One of the most caring women in america

Caring Magazine - Publication
One of the most caring women in america

[Caring Magazine. May 2008, page 34]

Dallas Jessup

You've probably seen one of the many films showing the fair sex fighting back. You might remember "Xena the Warrior Princess" or "Thelma and Louise." Perhaps you heard Jennifer Lopez say "Enough" to an abusive husband and shove him over a ledge. Maybe you watched Uma Thurman as a sword-wielding avenger on a ferocious quest to "Kill Bill."

Now Dallas Jessup is showing the meaning of girl power in Just Yell Fire. Her self-defense video is red-hot, but the 16-year-old from Vancouver, Washington, doesn't care about royalties or ratings. She wants to show teenage girls how to resist date rape and abduction. "It's time to let the bad guys know," she declares," we're not going to take it anymore."

Too many girls don't know how to defend themselves, Dallas thought in 2004 after hearing about the abduction and death of a young Florida girl. "I could have helped that girl," Dallas told her mom, and those weren't just words. Dallas is a Tae Kwon Do black belt and certified Filipino street fighter, who can take down a grown man.

She decided to use her skills to "put the predators out of business." But she didn't try to do it alone since she thinks real change requires community involvement. "Success," she says, "depends on knowing your strengths and knowing when you need to ask for help."

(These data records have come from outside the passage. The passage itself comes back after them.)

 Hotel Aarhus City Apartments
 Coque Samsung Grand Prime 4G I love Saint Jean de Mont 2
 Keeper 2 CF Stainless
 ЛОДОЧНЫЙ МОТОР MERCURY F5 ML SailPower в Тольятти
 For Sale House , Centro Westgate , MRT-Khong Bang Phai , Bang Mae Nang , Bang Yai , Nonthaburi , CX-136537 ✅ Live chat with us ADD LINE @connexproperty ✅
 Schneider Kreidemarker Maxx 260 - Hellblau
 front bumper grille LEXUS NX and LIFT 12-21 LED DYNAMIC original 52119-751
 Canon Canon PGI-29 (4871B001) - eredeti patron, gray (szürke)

And she knew just where to go. She worked with her martial arts coach on some simple moves any girl could do. She wrote a script and took it to a script-writing teacher who contacted a director. She raised $500,000 in donations. And soon the project turned into a major production with a 100-member cast, including actors from the TV show "Lost." Then it spread like wildfire after Dallas setup a website where you can download the film for free.

So far, two million viewers in 37 countries have seen Just Yell Fire online. They've looked at real-life scenarios of threatening situations and watched Dallas demonstrate her moves: eye gouges, ear pulling, and groin slapping. When she's done, it's clear she knows how to hit where it hurts. But what strikes you hardest is her conviction that "caring means giving others the force they need to feel safe."

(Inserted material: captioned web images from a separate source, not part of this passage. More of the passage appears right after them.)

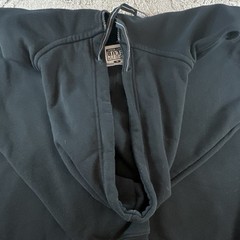 Pro Club Men’s Heavyweight Full Zip Hooded Hoodie w/ Pockets Black XL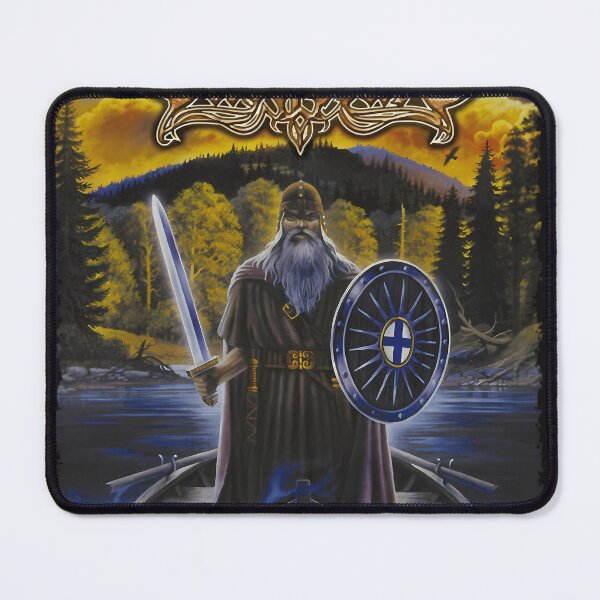 Item preview, Ensiferum Band designed and sold by EvieStjohn.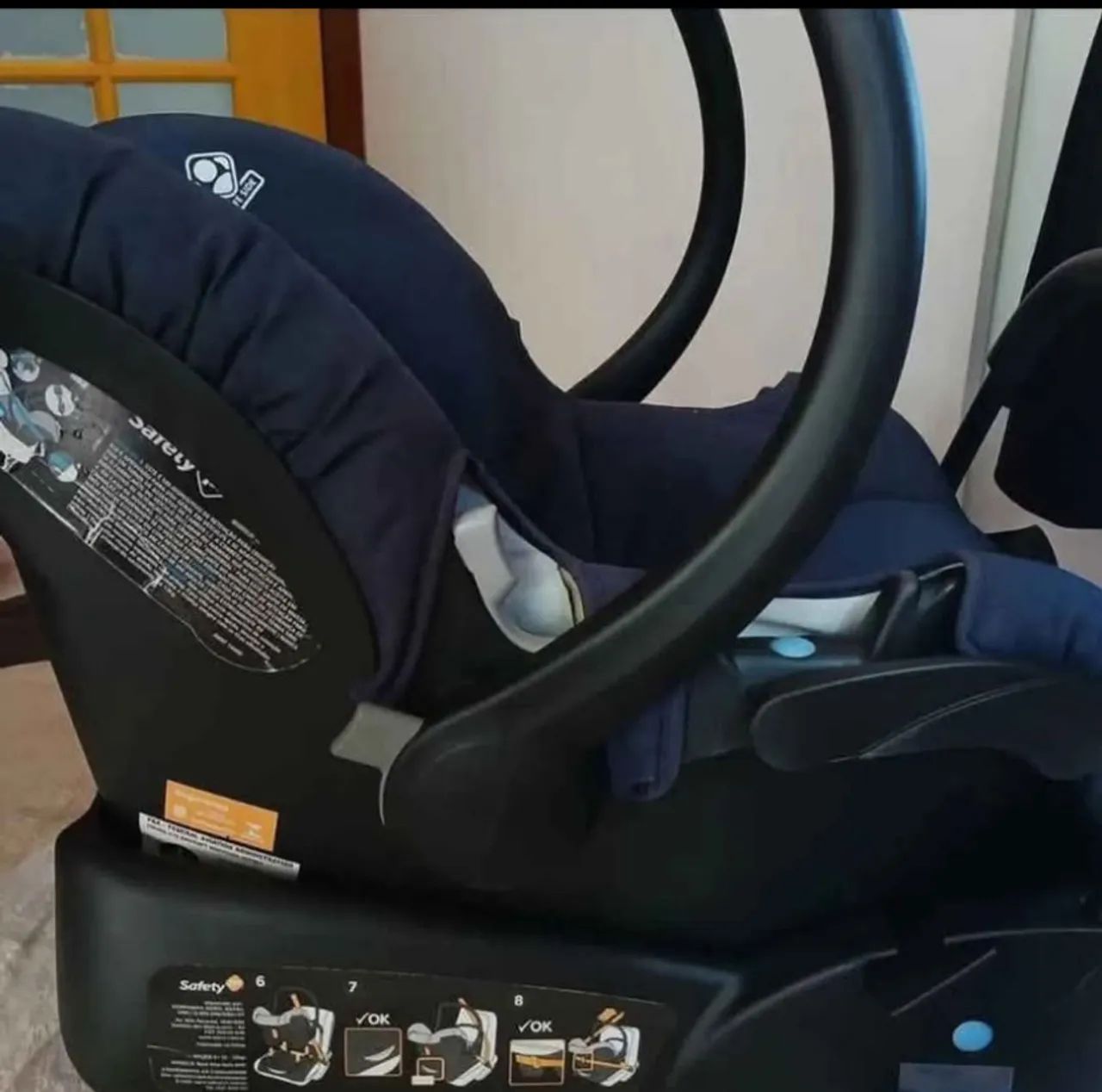 Bebê conforto one safe - Foto 2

Dallas knows she's reaching girls when she gives one of her talks at schools. "Every single girl has a relieved face," she's thrilled to see." Girls come up to me and say they feel empowered and safe. It's so good to have them realize they can and should stand up for themselves."

To keep spreading the word, Dallas is working on a Train the Trainer program. "I have decided to train more students and have them train P.E. teachers," she says. It's her dream to bring the program into the school system so every girl can someday learn her techniques.

But girl power is not just about getting down and dirty, as Dallas understands. That's why she's also come up with a girl's "bill of rights." When she imparts it in her film, you know this lesson in self-defense is also a lesson in self-respect. "I have the right to have my limits and values respected," Dallas tells viewers. "I have the right to be heard," and "I have the right to say no." These are rights for which girls should fight back whenever they face an attacker. Dallas has the motivation and moves to help them all do it.